Aim of the exercise — Find the line containing "Venture Home Copacabana" in the records below. Copy exactly that line and each one after it, ending at the line containing "Villa contemporain –", and nothing more.

===== Data shown

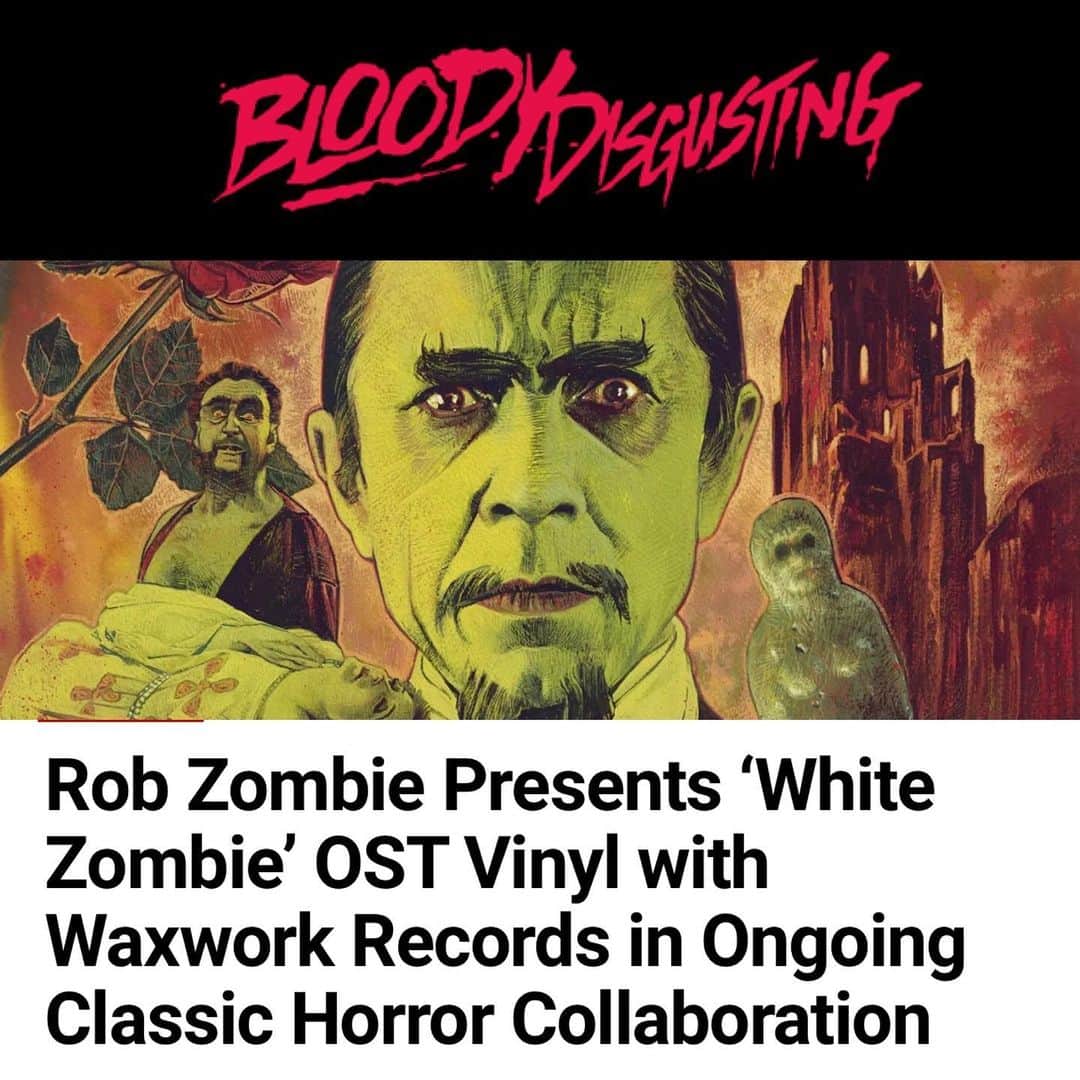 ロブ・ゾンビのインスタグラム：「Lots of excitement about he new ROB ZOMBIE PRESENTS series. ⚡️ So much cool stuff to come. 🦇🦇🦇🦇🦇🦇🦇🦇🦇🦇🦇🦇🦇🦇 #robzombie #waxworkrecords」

==========
===== Data shown

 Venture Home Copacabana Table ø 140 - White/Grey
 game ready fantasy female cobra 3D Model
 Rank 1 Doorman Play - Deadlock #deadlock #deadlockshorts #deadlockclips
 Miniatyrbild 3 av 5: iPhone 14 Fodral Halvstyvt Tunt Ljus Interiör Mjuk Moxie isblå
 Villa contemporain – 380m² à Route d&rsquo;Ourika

==========

Completed task —
 Venture Home Copacabana Table ø 140 - White/Grey
 game ready fantasy female cobra 3D Model
 Rank 1 Doorman Play - Deadlock #deadlock #deadlockshorts #deadlockclips
 Miniatyrbild 3 av 5: iPhone 14 Fodral Halvstyvt Tunt Ljus Interiör Mjuk Moxie isblå
 Villa contemporain – 380m² à Route d&rsquo;Ourika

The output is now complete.